Configuration using Jakarta Commons

I've played around quite a bit with the Jakarta Commons libraries over time and over several projects. Among these, the Jakarta Commons Configuration library is extremely useful.

Very often, we encounter a particular crosscutting concern when developing medium to large scale projects: that of managing user and/or application preferences. This seemingly simple task often leads to much wasted and duplicated effort when the development team should really be focusing on core project tasks. The Commons Configuration library can come to the rescue in such situations.

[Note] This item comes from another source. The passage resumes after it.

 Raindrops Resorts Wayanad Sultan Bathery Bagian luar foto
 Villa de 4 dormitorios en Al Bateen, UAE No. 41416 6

Managing user/application preferences can get complex depending on the requirements. Consider:

(1) The project may start out storing configuration information in simple ".properties" files, but later, some genius might want to migrate everything to XML files. In such instances, you want the property accessor calls abstracted out enough so that the migration can take place with minimal, localized code change and without breaking property accessor calls which might be sprinkled throughout the codebase.

(2) You might want to support a hierarchy of property sources. For example, you might have an application-wide property source that provides the default values, but allow each user to specify his or her own property file to override the defaults. In other words, you need to support multi-source, composite configurations.

(3) You will in some cases want to support nested and/or list-based properties in your properties files.

(4) You will want to synchronize access to shared properties files in case of concurrent updates.

(5) You might want to provide an "autosave" feature or an "auto reload" feature when a preference/property is updated.

Well, the Jakarta Commons Configuration library goes a long way in providing a very flexible framework for configuration/preferences management. It supports ".properties" file based configurations and XML files. The accessor syntax for the XML files is XPath-like and can get quite intricate, I noticed.

A wonderful feature is the provision of configuration change listeners which can listen for changes to a properties file and respond appropriately. Any Java class can set itself up as a listener to a Configuration object, which fires the required events.

I have yet to compare the Jakarta Configuration library with the Preferences API in Java, but from a cursory glance, it seems to me like the Preferences API does not even come close in power. Also, the .Net System.Configuration classes seem to be much more specific in the sense that they seem to concentrate on providing access to the .Net framework config files like machine.config and web.config and not so much on supplying a flexible and generic configuration management framework.

Wishlist: A nice addition to the Commons Configuration library might be access methods to configuration data stored in relational databases and hierarchical stores like LDAP, but that is probably asking for too much.